Вихсар задышал сбивчиво в шею: горячим комом катилось его дыхание, окутывая — мелкие завитки волос на шее Мирины становились мокрыми, облепляли. Скользнул губами по открытой для поцелуев белой шее княжны, и обхватив за бедра, притянув теснее, Вихсар задвигался быстрее, непрестанно проникая в лоно. Мирина, обхватив его взмокшую сильную шею, посмотрела в глаза, пока не потемнело все кругом, всхлипывая, запрокинула голову, отчаянно поддаваясь бедрами ему навстречу, пока всю ее не затопило теплой волной, разом отяжеляя тело, опрокидывая княжну в пропасть. Сотрясаясь под глубокими проникновениями, Мирина смотрела из-под потяжелевших от влаги ресниц в глаза Вихсара, наблюдая, как в черных безднах буйно зажигались костры, густо, жарко, а потом их заволокло — на лицо хана лег след сладострастной муки. Одновременно что-то горячее заполняло ее изнутри. Вихсар выпустил бедра, опершись мускулистыми руками по обе стороны княжны, продолжал неумолимо проникать до конца, наслаждаясь ее обессиленной влажной теплотой.
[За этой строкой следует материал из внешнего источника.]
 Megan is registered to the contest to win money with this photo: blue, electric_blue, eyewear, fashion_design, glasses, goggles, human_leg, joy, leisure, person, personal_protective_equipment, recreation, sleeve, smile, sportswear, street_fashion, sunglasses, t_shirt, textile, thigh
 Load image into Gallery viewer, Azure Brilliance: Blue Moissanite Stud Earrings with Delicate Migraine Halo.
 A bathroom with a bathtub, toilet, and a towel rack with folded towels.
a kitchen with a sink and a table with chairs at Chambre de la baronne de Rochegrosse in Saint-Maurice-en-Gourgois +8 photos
Мирина под его сокрушающими ласками дрожала вся: руки и ноги потяжелели и, казалось, не сдвинется и с места. Вихсар склонился еще ниже, амулеты легли ей на грудь прохладной тяжестью. Но все же нашла в себе силы и провела ладонями по тугим дрожащим от натуги буграм мышц рук и шеи.
Он закрыл глаза и остановился, уронив голову, приникнув к высушенным огненным дыханием губам. Оставаясь внутри, целовал проникновенно и нежно, смакуя ее губы, чуть прикусывая, собирая растекшуюся по телу блажь, потом покинул ее лоно. Мирина явственно почувствовала излишнюю влагу. Тело вновь приняло его, и семя его теперь внутри нее. Теперь ей не нужно было пить трав.
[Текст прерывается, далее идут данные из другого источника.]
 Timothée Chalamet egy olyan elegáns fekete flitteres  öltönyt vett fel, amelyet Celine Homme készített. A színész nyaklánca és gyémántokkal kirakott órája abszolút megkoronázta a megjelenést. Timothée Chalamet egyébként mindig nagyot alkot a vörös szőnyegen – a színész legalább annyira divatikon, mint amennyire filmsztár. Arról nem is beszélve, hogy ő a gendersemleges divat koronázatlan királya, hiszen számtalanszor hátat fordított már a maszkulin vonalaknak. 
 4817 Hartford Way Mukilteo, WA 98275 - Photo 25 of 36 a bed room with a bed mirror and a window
— Иди ко мне, — он лег рядом, притянул княжну к себе, укладывая на грудь утешающе, как маленькую девочку, повел ладонью по волосам. — Ты устала, Сугар, тебе нужно отдохнуть.
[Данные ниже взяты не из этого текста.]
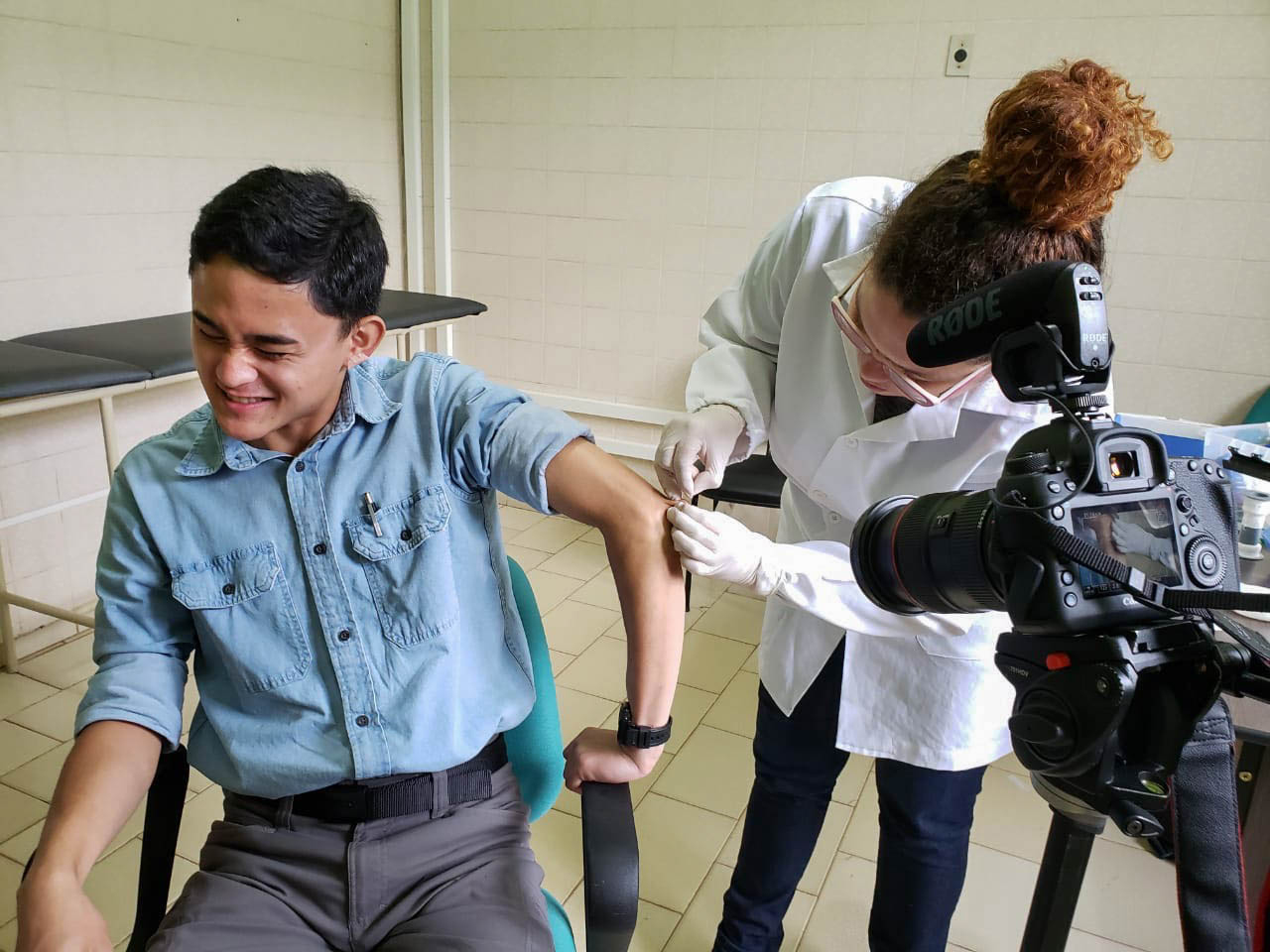 2020 Reporting Fellow Anton L. Delgado grimaces as Raquel Bouth, a Ph.D. student studying microbiology, takes a sample from the olecranal skin on his left elbow. This was the final part of Delgado’s leprosy evaluation that he took after nearly a month of field work in northern Brazil. Image by Moises Silva. Brazil, 2020. 2020 Reporting Fellow Anton L. Delgado grimaces as Raquel Bouth, a Ph.D. student studying microbiology, takes a sample from the olecranal skin on his left elbow. This was the final part of Delgado’s leprosy evaluation that he took after nearly a month of field work in northern Brazil. Image by Moises Silva. Brazil, 2020.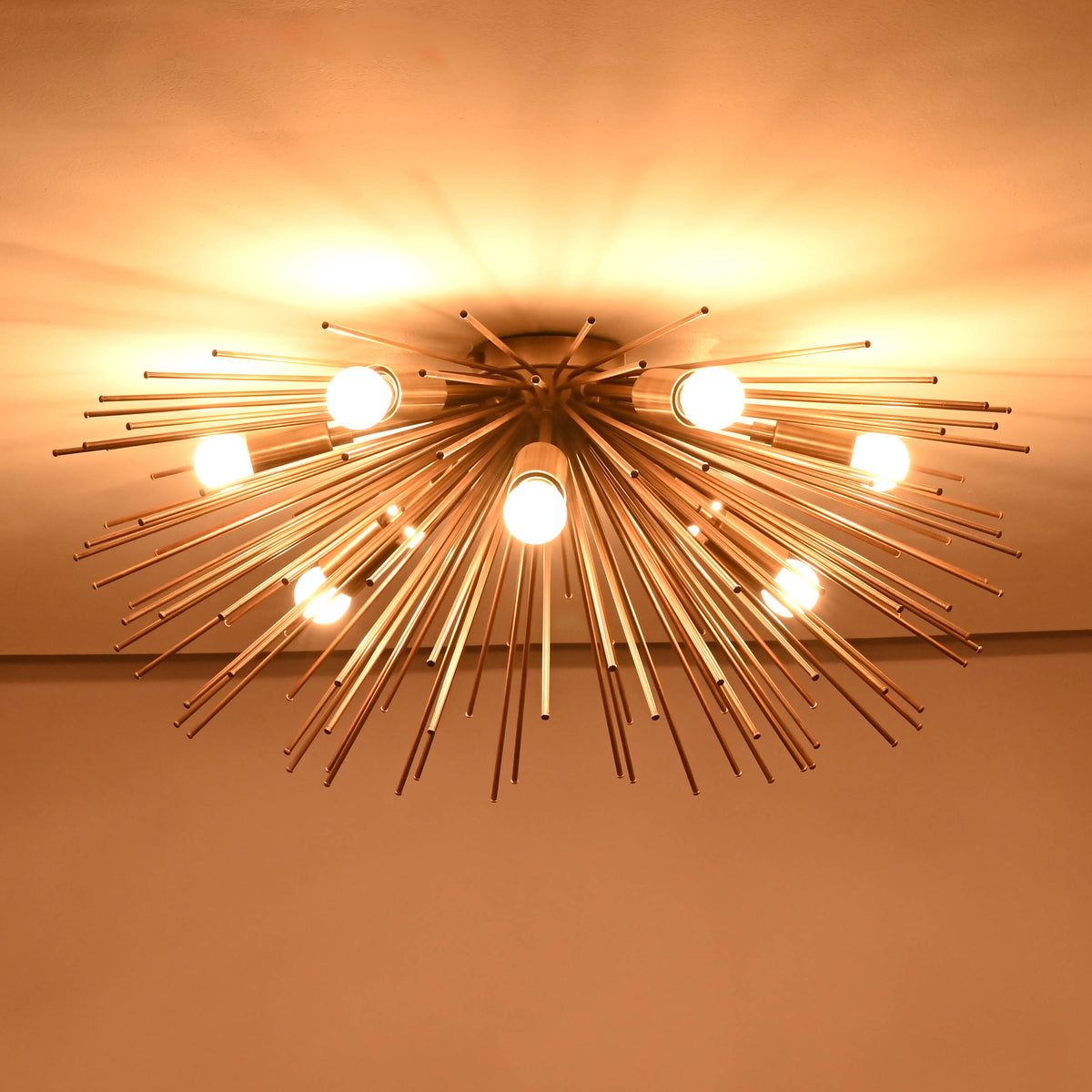 Mid century brass starburst chandelier fully illuminated with dramatic sculptural radiance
Мирина сбросив тяжесть, все же обняла его за пояс, чувствуя под ладонями ткань повязки, слышала, как сердце неровно колышется под его ребрами. Закрыла глаза, кровь шумела в голове, дрожь не отпускала, горячие объятия хана разнежили еще больше, и едва Мирина сомкнула глаза, как упала в пуховую перину сна, слыша его унимающееся дыхание уже на краю небытия.
[1] Суб — мужская рубаха.
[1] Нукер — умелые воины, всегда готовые к бою.
[2] Куйнак — мужская и женская рубаха, одевается сразу на голое тело и носится навыпуск.
[3] Кадфа — свадебный женский платок.
Глава 7
Небесное око слепило мятежно и холодно, выглядывая из-за окоема, взирая на вереницу всадников гневным прищуром старца, опаляя затянувшийся низкими тучами небосвод пепельным вересковым светом. Поднявшийся сухой ветер ревниво лохматил облака, разрывал их в клочья, трепал плащи гридней и гривы жеребцов, уносил прочь в пустынные дикие дали дым костров оставшегося позади лагеря, а еще обрывки слов и запах снеди — живой дух, которым покормится бескрайнее раздолье. Степь волновалась. Воины из десяти всадников во главе княжичей ехали молча. До Вершуха оставалось недолго — обогнуть излучину, пройти пологие курганы и выйти к уговоренному месту. Арьян вспомнил, как вчера вновь вернулся Найир с ответом от хана о том, что согласен он встретиться. Заримир и Карай остались в лагере.